** Opening WORKING DATA block **

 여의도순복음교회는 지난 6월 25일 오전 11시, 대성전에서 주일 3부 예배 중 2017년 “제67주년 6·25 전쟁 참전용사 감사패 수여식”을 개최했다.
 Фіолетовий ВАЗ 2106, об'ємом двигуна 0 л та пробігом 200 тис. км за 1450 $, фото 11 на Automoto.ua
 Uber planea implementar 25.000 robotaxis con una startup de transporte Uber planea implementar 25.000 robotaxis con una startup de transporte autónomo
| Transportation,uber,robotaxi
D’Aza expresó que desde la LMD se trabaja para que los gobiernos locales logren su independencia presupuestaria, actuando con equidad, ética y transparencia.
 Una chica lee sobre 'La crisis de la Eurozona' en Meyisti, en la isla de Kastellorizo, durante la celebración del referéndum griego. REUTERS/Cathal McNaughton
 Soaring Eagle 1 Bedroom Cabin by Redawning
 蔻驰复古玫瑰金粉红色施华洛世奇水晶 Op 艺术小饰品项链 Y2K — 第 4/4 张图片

** Closing WORKING DATA block **
** Opening WORKING DATA block **

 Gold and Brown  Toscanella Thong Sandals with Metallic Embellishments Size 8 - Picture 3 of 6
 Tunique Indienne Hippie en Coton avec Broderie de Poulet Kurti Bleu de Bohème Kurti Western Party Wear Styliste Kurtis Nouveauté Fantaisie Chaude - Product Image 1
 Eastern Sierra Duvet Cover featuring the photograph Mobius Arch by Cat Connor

** Closing WORKING DATA block **
** Opening WORKING DATA block **

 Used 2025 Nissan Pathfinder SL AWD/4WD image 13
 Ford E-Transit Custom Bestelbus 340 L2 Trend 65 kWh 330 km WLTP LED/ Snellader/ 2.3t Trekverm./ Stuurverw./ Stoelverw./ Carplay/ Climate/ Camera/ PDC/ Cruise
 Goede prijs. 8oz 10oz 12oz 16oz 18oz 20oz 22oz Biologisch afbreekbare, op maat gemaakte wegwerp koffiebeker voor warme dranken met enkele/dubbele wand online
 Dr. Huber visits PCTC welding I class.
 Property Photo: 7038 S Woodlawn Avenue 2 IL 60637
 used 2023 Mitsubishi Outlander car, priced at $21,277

** Closing WORKING DATA block **

WHAT THE TASK ASKS
From the records above, give again exactly the lines running from the line with "여의도순복음교회는 지난 6월" to the line with "蔻驰复古玫瑰金粉红色施华洛世奇水晶 Op 艺术小饰品项链 Y2K — 第 4/4 张图片", inclusive.

FINAL ANSWER
 여의도순복음교회는 지난 6월 25일 오전 11시, 대성전에서 주일 3부 예배 중 2017년 “제67주년 6·25 전쟁 참전용사 감사패 수여식”을 개최했다.
 Фіолетовий ВАЗ 2106, об'ємом двигуна 0 л та пробігом 200 тис. км за 1450 $, фото 11 на Automoto.ua
 Uber planea implementar 25.000 robotaxis con una startup de transporte Uber planea implementar 25.000 robotaxis con una startup de transporte autónomo
| Transportation,uber,robotaxi
D’Aza expresó que desde la LMD se trabaja para que los gobiernos locales logren su independencia presupuestaria, actuando con equidad, ética y transparencia.
 Una chica lee sobre 'La crisis de la Eurozona' en Meyisti, en la isla de Kastellorizo, durante la celebración del referéndum griego. REUTERS/Cathal McNaughton
 Soaring Eagle 1 Bedroom Cabin by Redawning
 蔻驰复古玫瑰金粉红色施华洛世奇水晶 Op 艺术小饰品项链 Y2K — 第 4/4 张图片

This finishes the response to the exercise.